To develop a system that is safe, a sufficient understanding of its properties is needed. For a complex system, this must include emergent properties, without which understanding is not complete and confidence in its safety cannot be claimed. Our new flyer has been created to help managers and engineers understand complexity and emergent properties to guide systems more clearly and safely through their life cycles. In doing so, there is greater potential to develop safe products that are fit for purpose, produced efficiently, and supported effectively. Download the flyer for free: Safely managing the emergent properties of complex systems

The diagram below demonstrates how to navigate complex systems safely:

Our flyer also presents the objectives for engineering managers, which includes sustainable thinking, exploiting technology for deeper management insights, as well the objectives for engineers, which includes a better understanding of emergent properties and when to take action.

Download the flyer for free: Safely managing the emergent properties of complex systems

All feedback on this paper is welcome. Log in to your IET EngX account and leave your comments below.

Parents
  • There are two problem domains associated with emergence

    1. understanding the processes that create emergent properties

    2. managing a system that has emergent properties.
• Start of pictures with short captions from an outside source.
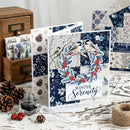 A handmade winter-themed greeting card displayed on a rustic white wooden table, surrounded by crafting supplies, pinecones, twine, and other patterned cards. The card features a patchwork design of navy blue and white floral squares, two birds perched on a branch with red berries in a wreath, and the text 'WINTER Serenity'.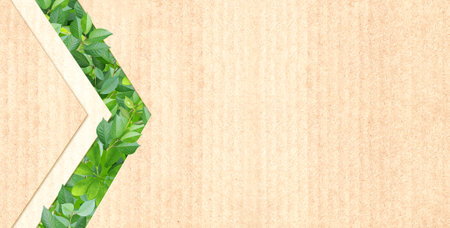Green leaves and arrow symbol on recycled cardboard texture . Horizontal banner with eco paper texture. Paper background. Recycled carton material. Ecology and zero waste concept. Copy space for textの写真素材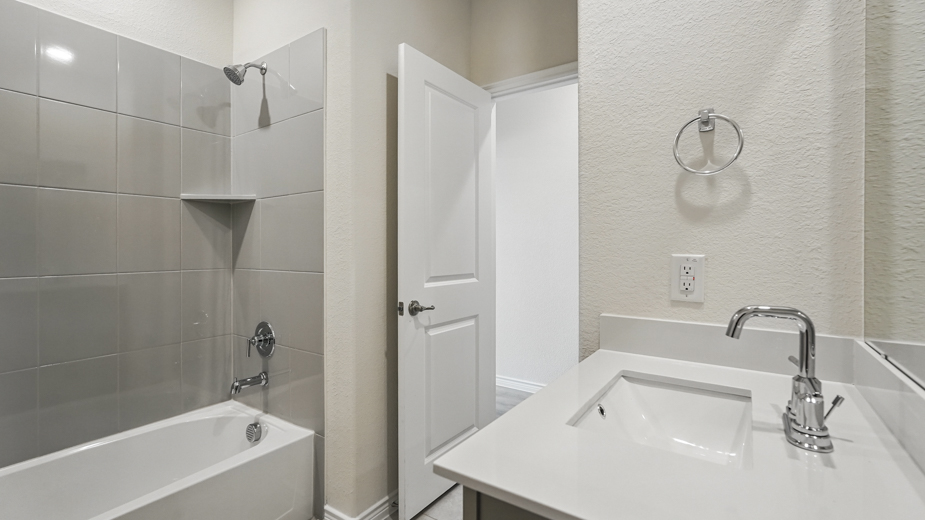 bathroom with tub and single sink vanity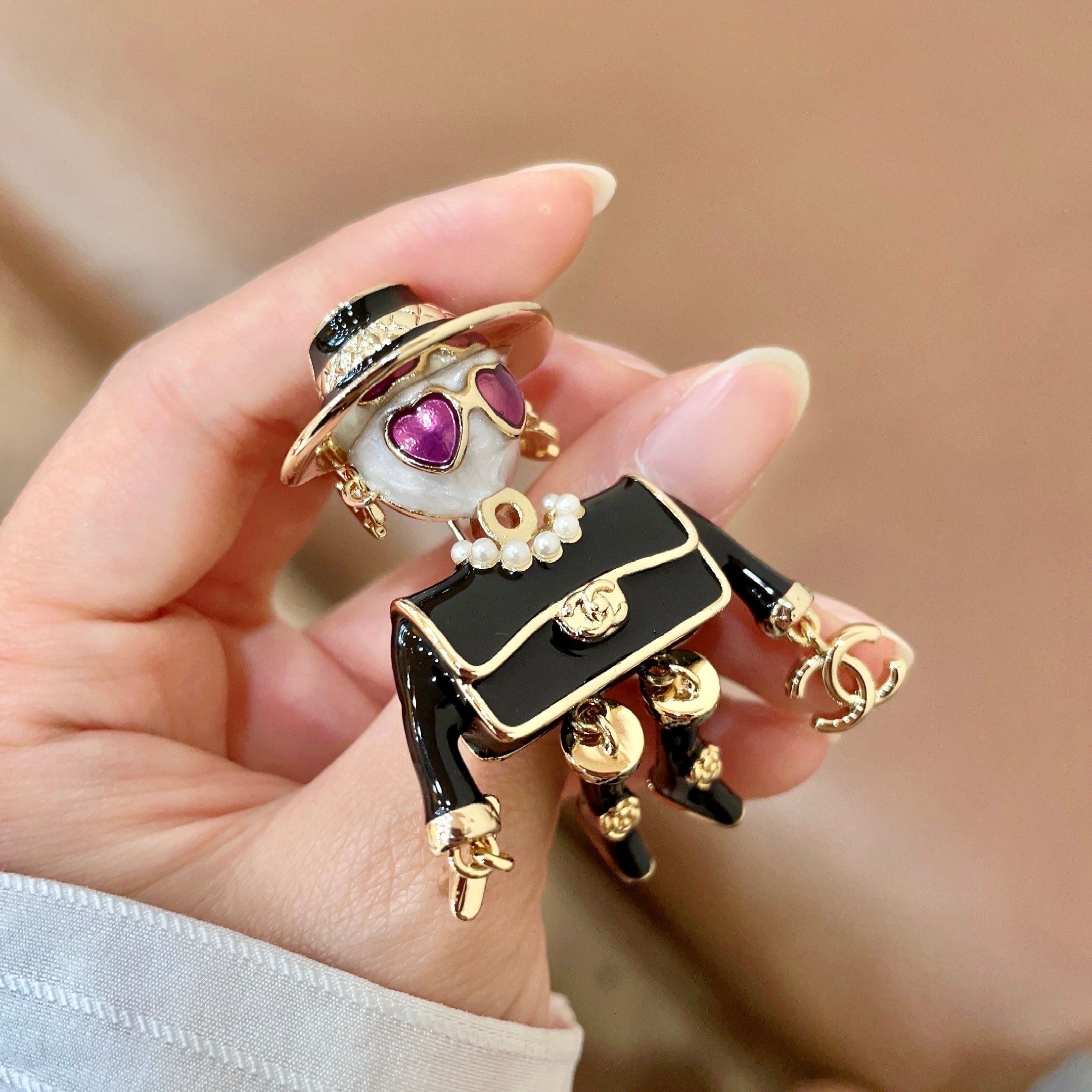 Chanel CC Logo Doll Robot Brooch brooch gold tone metal black enamel white faux pearl purple heart enamel white resin 4 5cm height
    The millennium bridge is a classic example.

    The swaying of the bridge was the result of a combination of processes including the way people walk, the way people react when what they are walking on moves, and the design of the bridge that allowed it to sway. The emergent property resulted from the way they all interacted through various forms of feedback processes.

    Managing the swaying, i.e. changing the design of the bridge to reduce the effect was a completely different problem.

    The models associated with each domain are different and require different levels of abstraction. The first depends on the nature of the emergent properties. The second is nearly always a top down approach which models the emergent properties as observed - i.e. the system as a whole.

    Unfortunately, in both domains, the problems are most probably non-linear and unpredictable, even if the project looks very much like lots of other problems.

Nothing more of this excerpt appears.